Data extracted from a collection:
=== Begin Enclosure ===

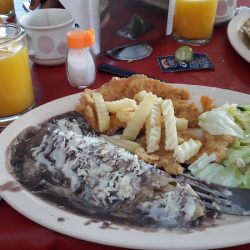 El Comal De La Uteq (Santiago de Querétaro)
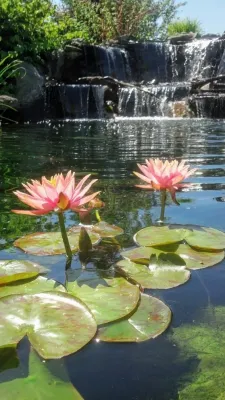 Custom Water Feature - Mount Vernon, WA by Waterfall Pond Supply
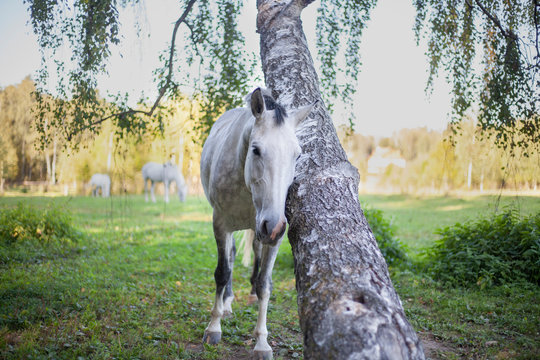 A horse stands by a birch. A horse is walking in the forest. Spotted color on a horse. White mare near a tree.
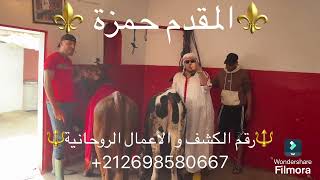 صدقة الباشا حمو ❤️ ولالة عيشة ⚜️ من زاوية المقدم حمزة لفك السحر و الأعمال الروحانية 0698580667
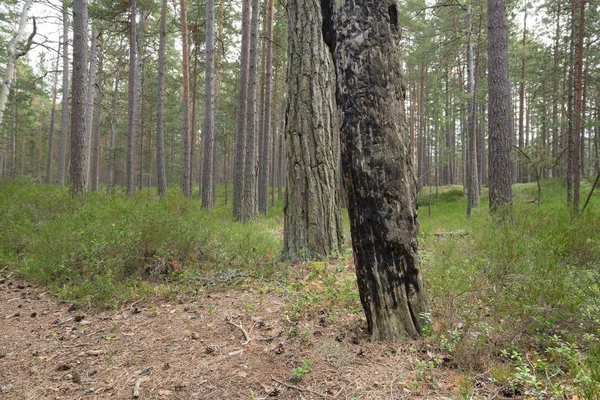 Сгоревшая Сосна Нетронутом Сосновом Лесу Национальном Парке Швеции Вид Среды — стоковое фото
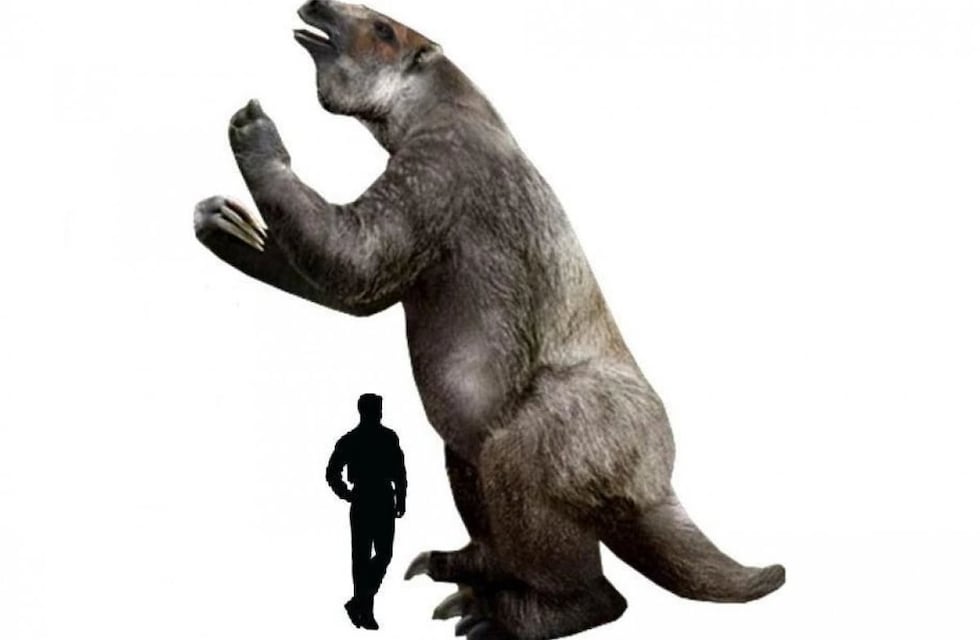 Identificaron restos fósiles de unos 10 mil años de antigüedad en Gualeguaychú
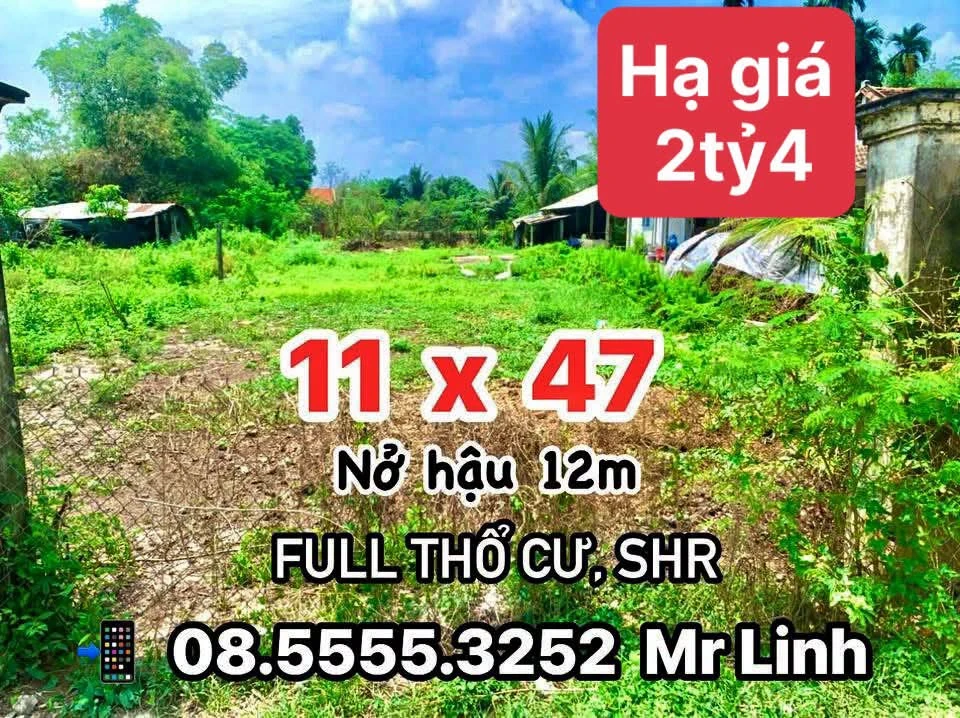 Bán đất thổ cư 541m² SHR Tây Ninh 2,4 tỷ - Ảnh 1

=== End Enclosure ===

The answer must be the exact lines from the line with "صدقة الباشا حمو" to the final line of the data, both ends included, with no pictures.

### RESPONSE:
 صدقة الباشا حمو ❤️ ولالة عيشة ⚜️ من زاوية المقدم حمزة لفك السحر و الأعمال الروحانية 0698580667
 Сгоревшая Сосна Нетронутом Сосновом Лесу Национальном Парке Швеции Вид Среды — стоковое фото
 Identificaron restos fósiles de unos 10 mil años de antigüedad en Gualeguaychú
 Bán đất thổ cư 541m² SHR Tây Ninh 2,4 tỷ - Ảnh 1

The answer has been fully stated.